The recent ascent of targeted covalent inhibitors (TCI) in drug discovery brings new opportunities and challenges to quantum chemical reactivity calculations supporting discovery efforts. TCIs typically form a covalent bond with the targeted nucleophilic amino acid side chain. Their reactivity that can be both computed and experimentally measured is therefore one of the key factors in determining inhibitory potency. Calculation of relevant quantum chemical descriptors and corresponding reaction barriers of model reactions represent efficient ways to predict intrinsic reactivities of covalent ligands. A more comprehensive description of covalent ligand binding is offered by mixed quantum mechanical/molecular mechanical (QM/MM) potentials. Reaction mechanisms can be investigated by the exploration of the potential energy surface as a function of suitable reaction coordinates, and free energy surfaces can also be calculated with molecular dynamics based simulations. Here we review the methodological aspects and discuss applications with primary focus on high-end QM/MM simulations to illustrate the current status of quantum chemical support to covalent inhibitor design. Available QM approaches are suitable to identify likely reaction mechanisms and rate determining steps in the binding of covalent inhibitors. The efficient QM/MM prediction of ligand reactivities complemented with the computational description of the recognition step makes these computations highly useful in covalent drug discovery.

Thursday, July 15, 2021

Covalent PROTACs: the best of both worlds?

Neil P. Grimster

RSC Med. Chem., 2021

https://doi.org/10.1039/D1MD00191D

Covalent PROTACs combine the cutting edge research areas of targeted covalent inhibitors (TCIs) and proteolysis targeting chimeras (PROTACs). This nascent field of research has already demonstrated several interesting findings, and holds an immense amount of potential to expand the druggable proteome.
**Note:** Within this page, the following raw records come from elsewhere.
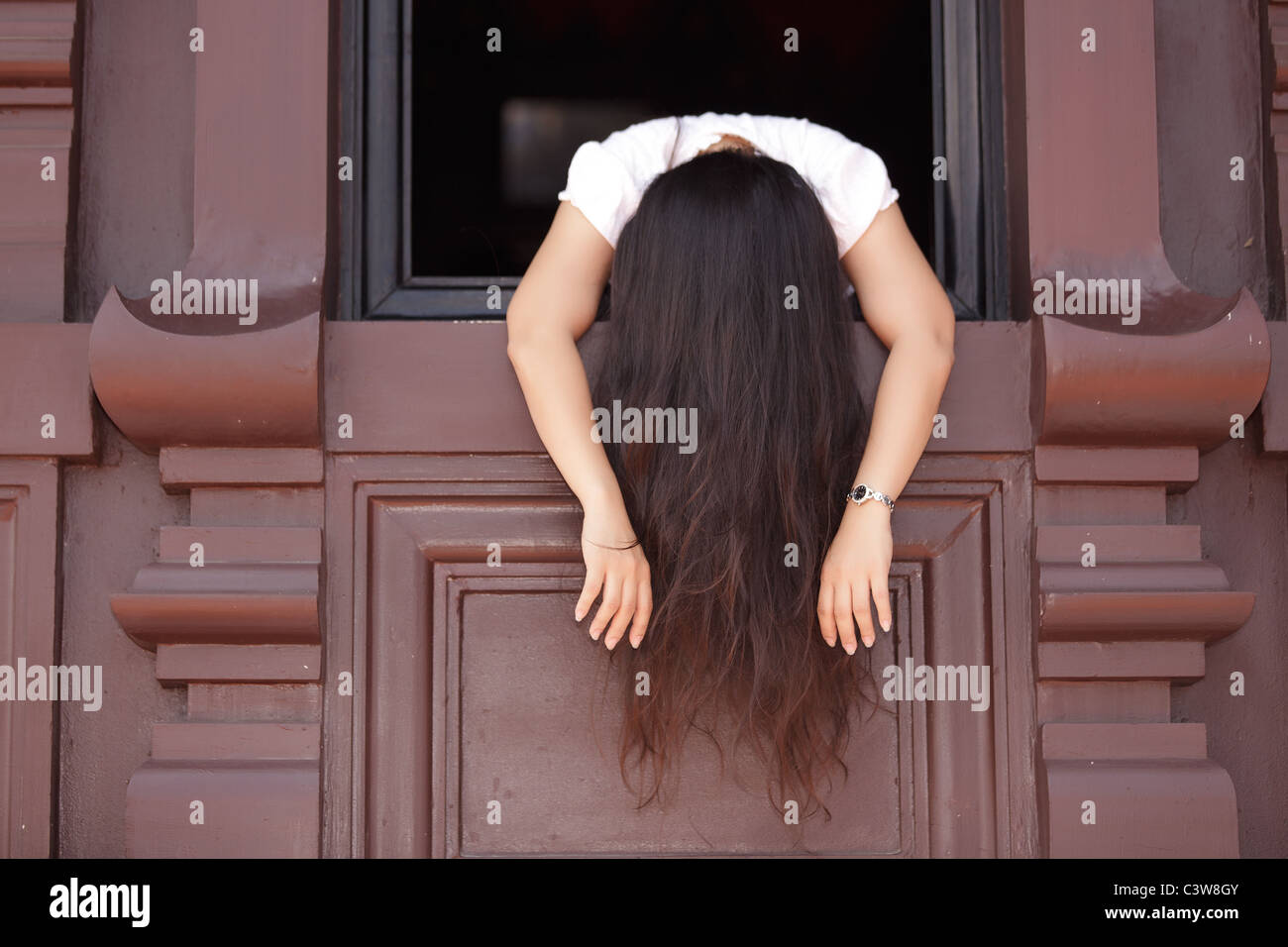 depressed  woman hanging out of wooden window Stock Photo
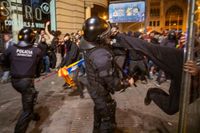 En demonstrant sparkar en polis under lördagens protester i Barcelona. 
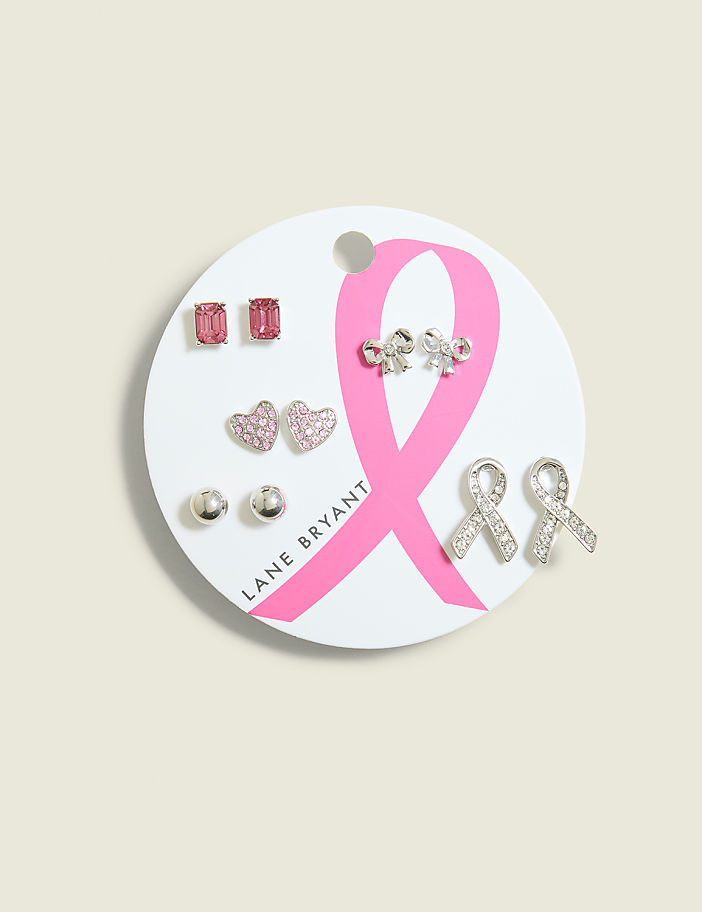 A set of six pairs of earrings, including pink hearts, silver studs, and crystal ribbons, are displayed on a white card with a pink breast cancer awareness ribbon against a light gray background.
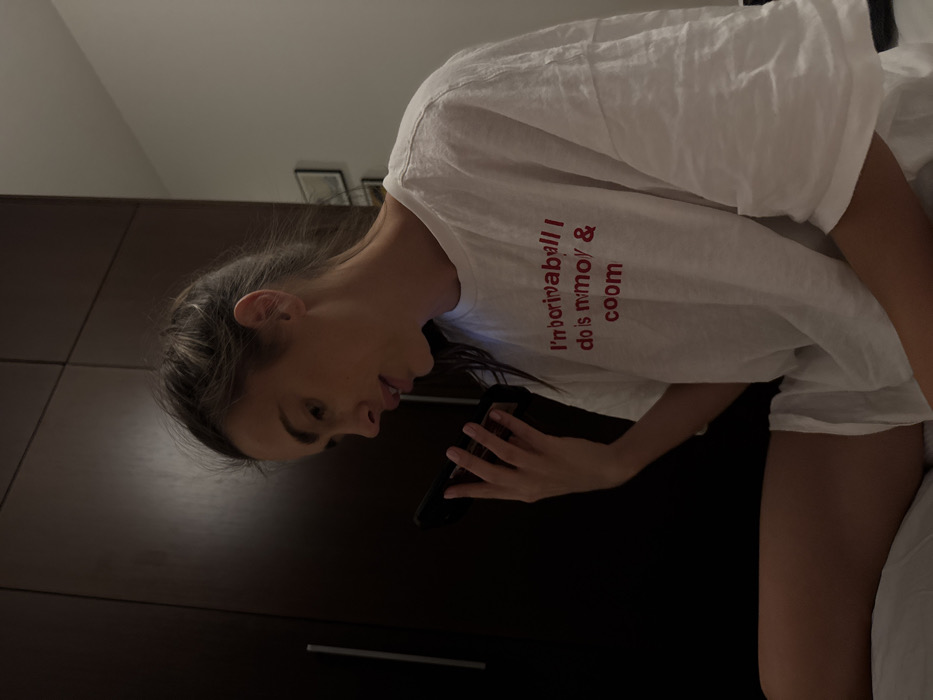 A woman is seen in a close-up shot, looking down at her phone. She is wearing a white t-shirt with red text printed on it. She is positioned in front of a dark brown, possibly wooden, wardrobe or storage unit. The image has a casual, candid feel, possibly taken indoors in a bedroom setting, suggested by the edge of a bed in the corner of the frame. The lighting seems to be soft and diffused.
In this opinion, we present some of these intriguing early findings and discuss the potential advantages and disadvantages of this approach.



Sunday, July 4, 2021

A Genetically Encoded Fluorosulfonyloxybenzoyl-l-lysine for Expansive Covalent Bonding of Proteins via SuFEx Chemistry

Jun Liu, Li Cao, Paul C. Klauser, Rujin Cheng, Viktoriya Y. Berdan, Wei Sun, Nanxi Wang, Farid Ghelichkhani, Bingchen Yu, Sharon Rozovsky, and Lei Wang

Journal of the American Chemical Society 2021

DOI: 10.1021/jacs.1c04259

Genetically introducing novel chemical bonds into proteins provides innovative avenues for biochemical research, protein engineering, and biotherapeutic applications. Recently, latent bioreactive unnatural amino acids (Uaas) have been incorporated into proteins to covalently target natural residues through proximity-enabled reactivity. Aryl fluorosulfate is particularly attractive due to its exceptional biocompatibility and multitargeting capability via sulfur(VI) fluoride exchange (SuFEx) reaction. Thus far, fluorosulfate-l-tyrosine (FSY) is the only aryl fluorosulfate-containing Uaa that has been genetically encoded. FSY has a relatively rigid and short side chain, which restricts the diversity of proteins targetable and the scope of applications. Here we designed and genetically encoded a new latent bioreactive Uaa, fluorosulfonyloxybenzoyl-l-lysine (FSK), in E. coli and mammalian cells. Due to its long and flexible aryl fluorosulfate-containing side chain, FSK was particularly useful in covalently linking protein sites that are unreachable with FSY, both intra- and intermolecularly, in vitro and in live cells. In addition, we created covalent nanobodies that irreversibly bound to epidermal growth factor receptors (EGFR) on cells, with FSK and FSY targeting distinct positions on EGFR to counter potential mutational resistance. Moreover, we established the use of FSK and FSY for genetically encoded chemical cross-linking to capture elusive enzyme–substrate interactions in live cells, allowing us to target residues aside from Cys and to cross-link at the binding periphery. FSK complements FSY to expand target diversity and versatility. Together, they provide a powerful, genetically encoded, latent bioreactive SuFEx system for creating covalent bonds in diverse proteins in vitro and in vivo, which will be widely useful for biological research and applications.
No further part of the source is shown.